● Data below

══════════

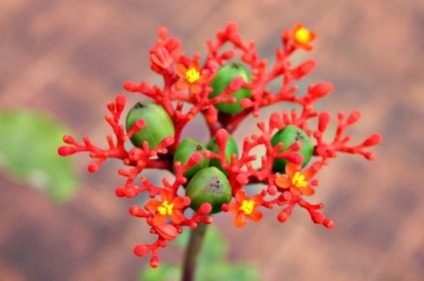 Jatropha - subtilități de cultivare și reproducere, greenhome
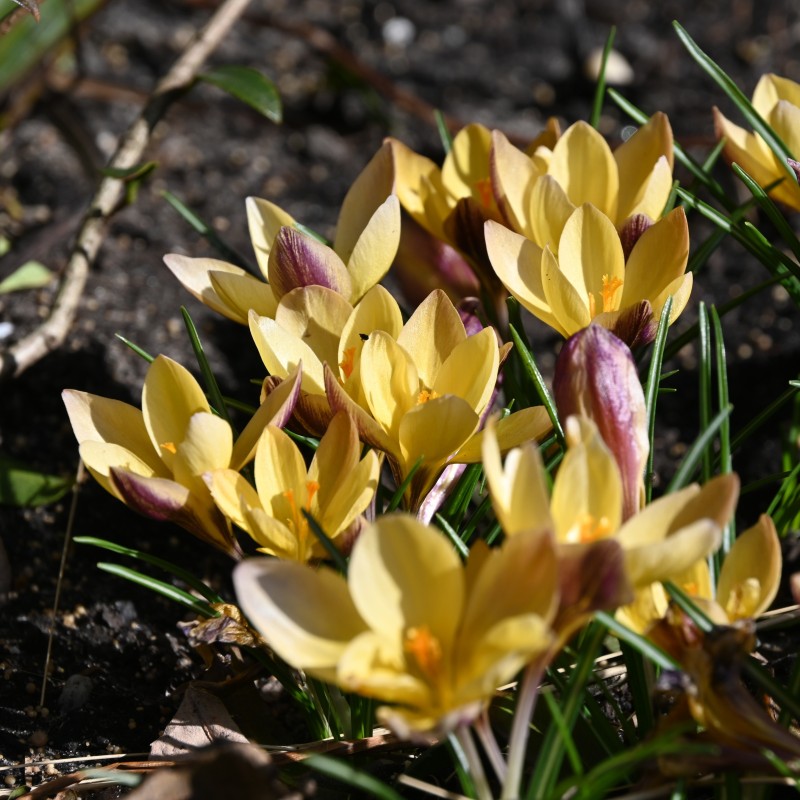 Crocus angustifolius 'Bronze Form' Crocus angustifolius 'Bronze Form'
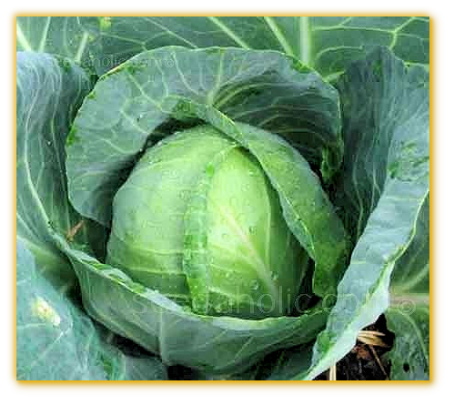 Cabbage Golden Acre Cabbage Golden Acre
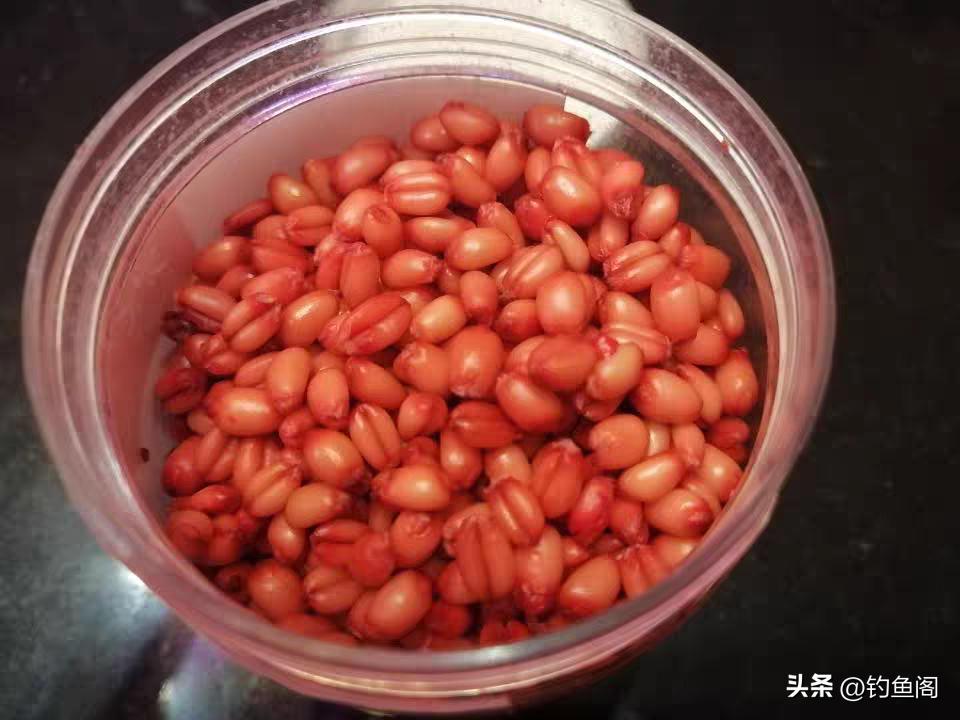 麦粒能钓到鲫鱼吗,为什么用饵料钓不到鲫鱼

══════════

Leave the pictures out, and print every line of the listing exactly as written.

● Solution for this exercise
 Jatropha - subtilități de cultivare și reproducere, greenhome
 Crocus angustifolius 'Bronze Form' Crocus angustifolius 'Bronze Form'
 Cabbage Golden Acre Cabbage Golden Acre
 麦粒能钓到鲫鱼吗,为什么用饵料钓不到鲫鱼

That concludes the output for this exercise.